4. A method for extracting and analyzing ocular signs and characteristics of orbital diseases based on multimodal external eye images and clinical text, characterized in that, Includes the following steps: Step 1: Acquire multi-view external eye images and clinical text information; Step 2: Perform viewpoint priority scheduling, missing modality identification, and multi-viewpoint feature construction on the external eye image; Step 3: Perform key point detection, region cropping, pose calibration, illumination normalization, angle resampling, and anatomical parameter quantification on the external eye image; Step 4: Identify multiple external ocular features and construct feature vectors; Step 5: Automatically locate the image region corresponding to the vital signs and generate region association information; Step 6: Convert the clinical text into structured medical semantic vectors; Step 7: Perform cross-modal alignment and correlation analysis on image features, feature vectors, and text semantic vectors, and construct a chain of evidence; Step 8: Generate an interpretable vital signs analysis report.
5. The method as described in claim 4, characterized in that, In step 2, a missing modality mask is generated for each expected viewpoint, and the feature weights corresponding to the missing viewpoints are set to 0.
6. The method as described in claim 4, characterized in that, The external ocular signs mentioned in step 4 include at least exophthalmos, enophthalmos, strabismus, conjunctival hyperemia, conjunctival edema, eyelid hyperemia, eyelid retraction, eyelid edema, ptosis, and caruncle swelling.
7. The method as described in claim 4, characterized in that, The evidence chain constructed in step 7 includes the correspondence between the location of the sign region in the image, the sign vector parameters, and the clinical text description of symptoms.
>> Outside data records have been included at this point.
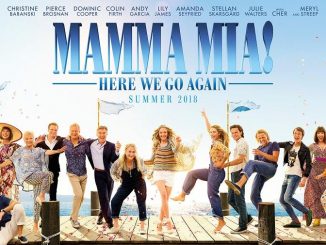 Mamma Mia Here We Go Again 2018 English 720p | 480p CAMRip x264 1000MB | 350MB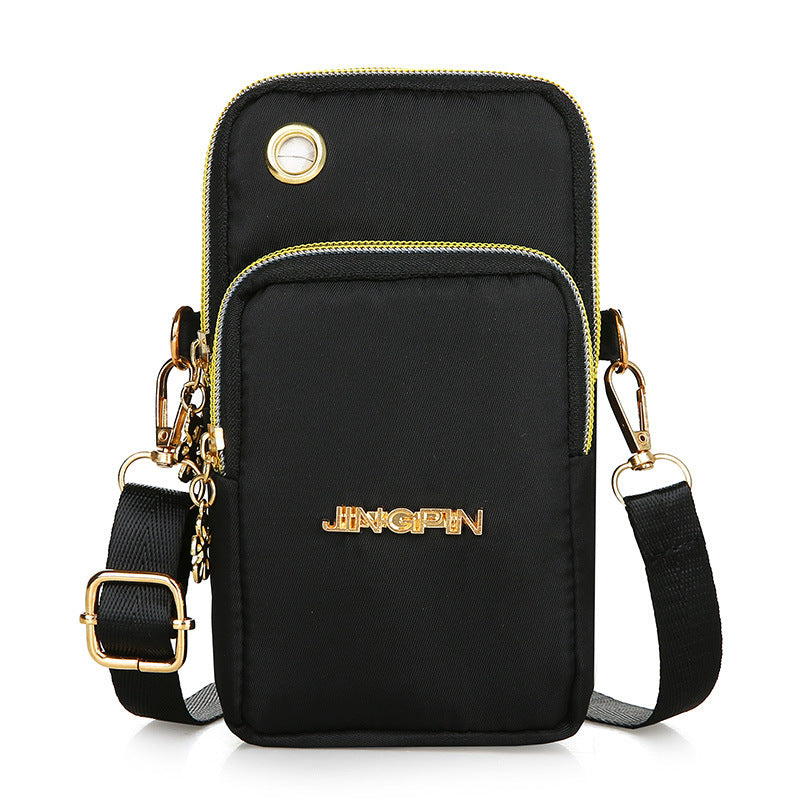 Women's bag new mobile phone shoulder bag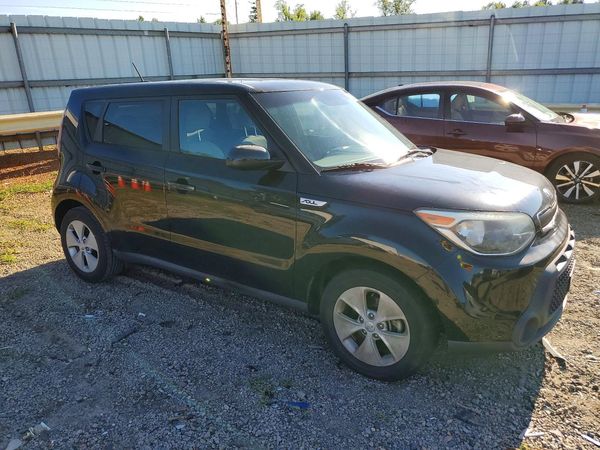 2015 KIA SOUL GL(Middle-low grade)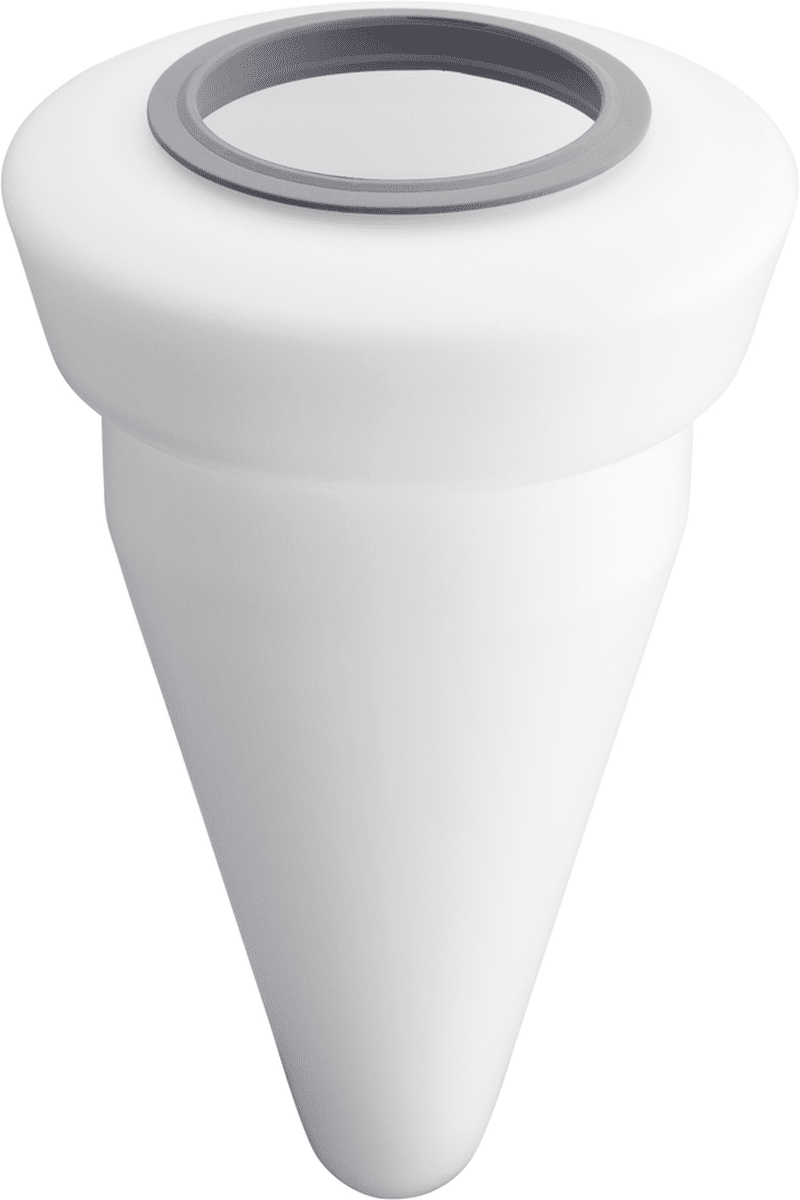 HANSGROHE Skleněná vložka do dávkovače pleťového mléka #40919000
8. A method for generating an interpretable vital sign analysis report for implementing the system of claim 1 or the method of claim 4, characterized in that, include: Generate standardized external eye images and basic anatomical parameters; Generate vital sign recognition results and their quantification parameters; Generate location results and saliency heatmaps for regions related to vital signs; Generate a chain of evidence linking image evidence, physical evidence, and textual evidence, and demonstrate their consistency.
9. The method as described in claim 8, characterized in that, The associated chain of evidence records the strength of each piece of evidence in a structured form.
10. The method as described in claim 8, characterized in that, The report is used to assist in the classification analysis and disease assessment of orbital diseases.